Anyway, I know there are alot of girls out there working on hopechests, so I thought I’d throw out some tips from some of the things I’ve learned:
1.  You will be way ahead if you have a complete kitchen already put away in your hopechest (including small appliances). Kitchen items, even just baking sheets can be really pricey, and it’s nice if you don’t have to deal with stocking a kitchen while you’re moving into your place. Also, having multiple  mixing bowls is a great idea.
—- As a side note, finding a good set of dishtowels (for drying) will save you a headache (and from picking fuzz off your dishes) if you have a place without a dishwasher.
2. Having a nice set of blankets/sheets/linens is also a great thing to have put away (and also pricey otherwise). This is something really fun to pick out together, but also fun to pick out yourself.

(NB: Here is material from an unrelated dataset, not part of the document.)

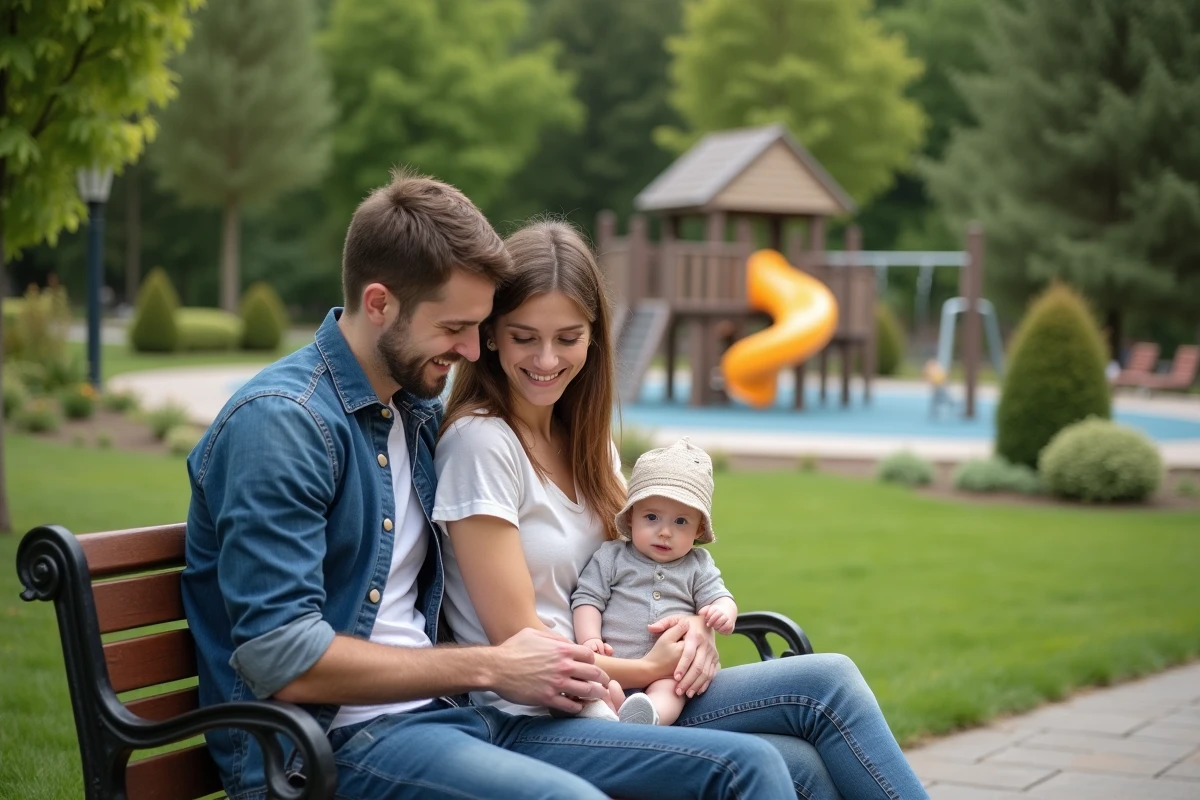 Couple de parents avec leur bébé souriant sur un banc en bois dans un parc sécurisé d'Annecy entouré de fleurs et d'aires de jeux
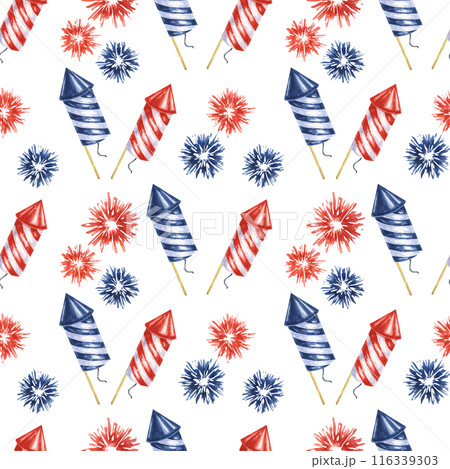 Fourth of July seamless pattern. Red, Blue firecrackers and fireworks bursts. Independence day holiday background. Hand drawn watercolor 4th of July clipart for wrapping paper, gifts, textile, napkins 116339303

3. Irons and Ironing boards are good ideas. I don’t iron much, but living in an apartment without an iron/ironing board makes you appreciate them…and saves money at the coin-op dryer. Clothes will get wrinkled, so I’m throwing irons in here as something I totally didn’t even think about.
4. If you like sewing or plan on doing some sewing, picking up a nice sewing machine when it’s on sale will save you a good bit of money, and you’ll also be able to start practicing. I bought mine  for $50 on Black Friday a year or two ago, and it’s been fantastic.  It’s also faster than hand stitching.
5. Decorations – If you already know what you/& your boyfriend want to do decorating wise keep an eye out for decorations or put some on your wishlist. I wanted to do a retro style dining area, so my grandparents gave me some retro coke items for christmas. Garage sales are good places to pick up random decorative items as well, and sometimes you can find some really great stuff on sale if  you look for it.
6. Keep in mind you can put whatever you don’t have on a registry, but you might not get everything you put on there. Back up plans are good, as well as already having  the essentials.